Should we exercise when we are sleep-deprived? Many of you have probably experienced the feeling of finally getting on track with a regular exercise routine and then life hits. Our child has us up all night, or we are ramping up for a work deadline and logging multiple late nights. Travel can also throw off our sleep patterns. Life happens, so what do we do about exercise? It’s always good for us, right?
Exercise creates stress within the body. When we are rested and nourished, our bodies handle it very well. However, we can create more stress if we push ourselves too hard while at a sleep deficit. Remember how sleep deprivation can cause weight gain and stress?
There are times when I would actually recommend that a person log some extra sleep as opposed to exercising. Other times, it might be beneficial to do more restorative exercises. If you find yourself in a time where sleep is less than optimal, consider doing shorter sessions (even 10-20 minutes) of walking, stretching, yoga, and/or balance work. It might be just enough to rejuvenate you without creating added stress. Pushing yourself to exercise when you are sleep-deprived can also invite injuries because your ability to concentrate (on proper form, how you are moving, etc.) is impaired.

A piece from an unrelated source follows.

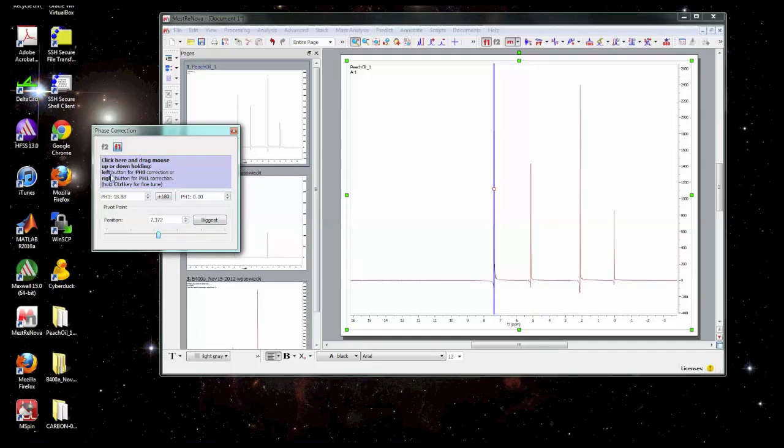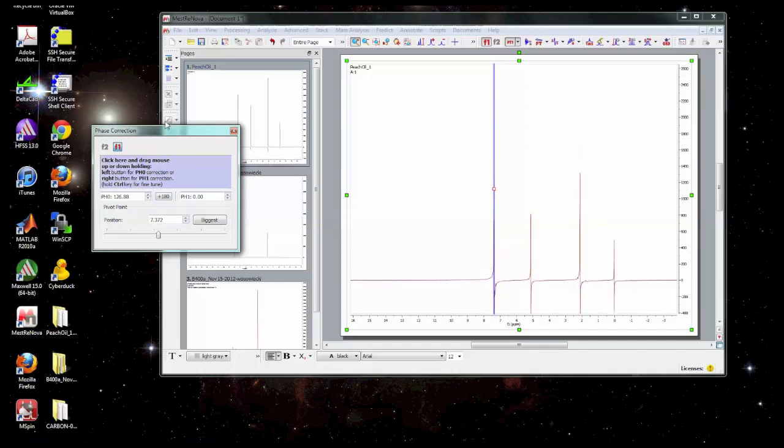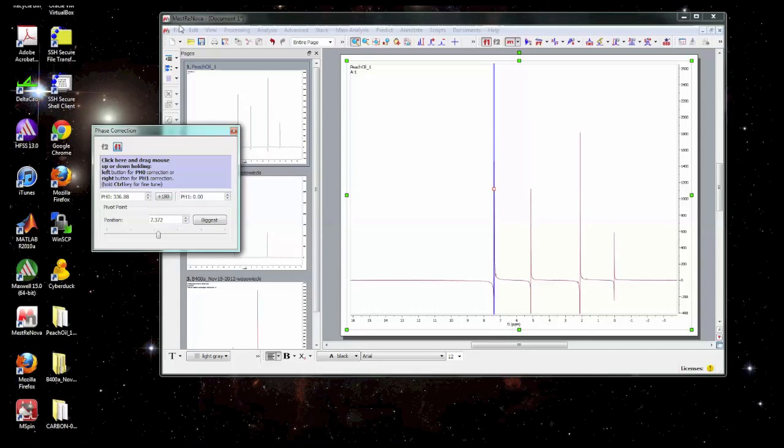And then we're going to adjust the zero order phase correction and try to fix the phasing on the spectrum. So I'm going to click the left mouse button in the box and drag it up and down to adjust the phasing. So you can see this is what I expect for an in-phase spectrum. This is something that's 90 degrees out of phase roughly. If it's upside down then it's 180 degrees out of phase. This would be 270 and then we're back to in-phase.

It’s important to think of our sleep as a bank account. If we aren’t making regular deposits, the balance is dropping. Eventually we will notice the effects, in our productivity, exercise performance, and our overall health.

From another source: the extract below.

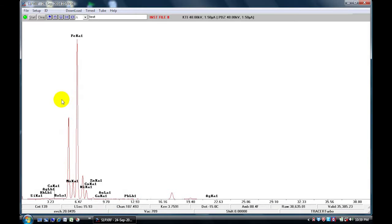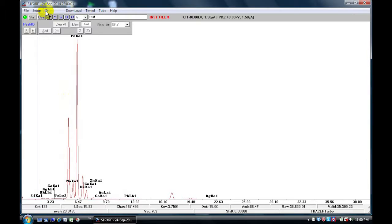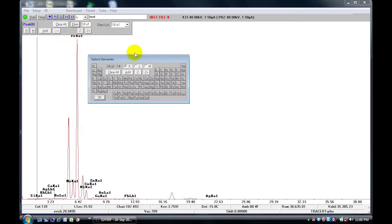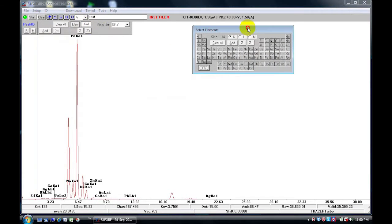The next step is to label your peaks. Go to your ID, and here you will have several options. If you click on elements, you will get the periodic table, and you can choose between the K lines, L lines, or M lines.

Here are some tips to improve your sleep:
Whenever possible, start to wind down 2 hours before bed, dim the lights and limit TV watching. This is not the time to exercise, tackle a mentally taxing project, do your budget, or even check your email. I know, I know. This is hard.
Remember that exposure to light before bed and during the night can disrupt the production of melatonin. Avoid being on the computer and other devices before bed, and make sure your bedroom is cool and dark.
When you are getting enough sleep, you will wake before your alarm. If this isn’t happening, gradually move up your bedtime by 15 minute increments until you are waking before your alarm. If an alarm is waking you from deep sleep, you are more likely to feel groggy and unrested.
Stay away from sugary carbs at night. This can spike blood sugar, making it difficult to fall and stay asleep.
Magnesium-rich foods make a good nighttime snack: pumpkin seeds, almonds, an ounce of dark chocolate (70% cacao or higher), yogurt (make sure there isn’t added sugar), figs, bananas.
Limit caffeine after noon. It has a half-life of 12 hours, so it is still in your system at bedtime, depending on how fast or slow you happen to metabolize caffeine. Some people, like myself, are slow metabolizers and hang on to the effects of caffeine longer than others.
Drink tea with chamomile. My favorite is Sleepytime Vanilla tea by Celestial Seasonings.
If your mind is racing before bed, do a “brain dump.” Write down everything that has your head spinning and resolve to work through what is within your control the next day.
Prayer, meditation, or very light yoga can help to clear our minds.
If you find that you are waking a lot in the night, consider seeing a doctor to rule out any medical conditions such as sleep apnea, which is very serious.
Quality sleep is more important than exercise. If we aren’t sleeping (and eating) well, we won’t have the resources to make exercise effective and beneficial. Guarding your sleep takes deliberate practice and patience. Stick with it and your body will thank you!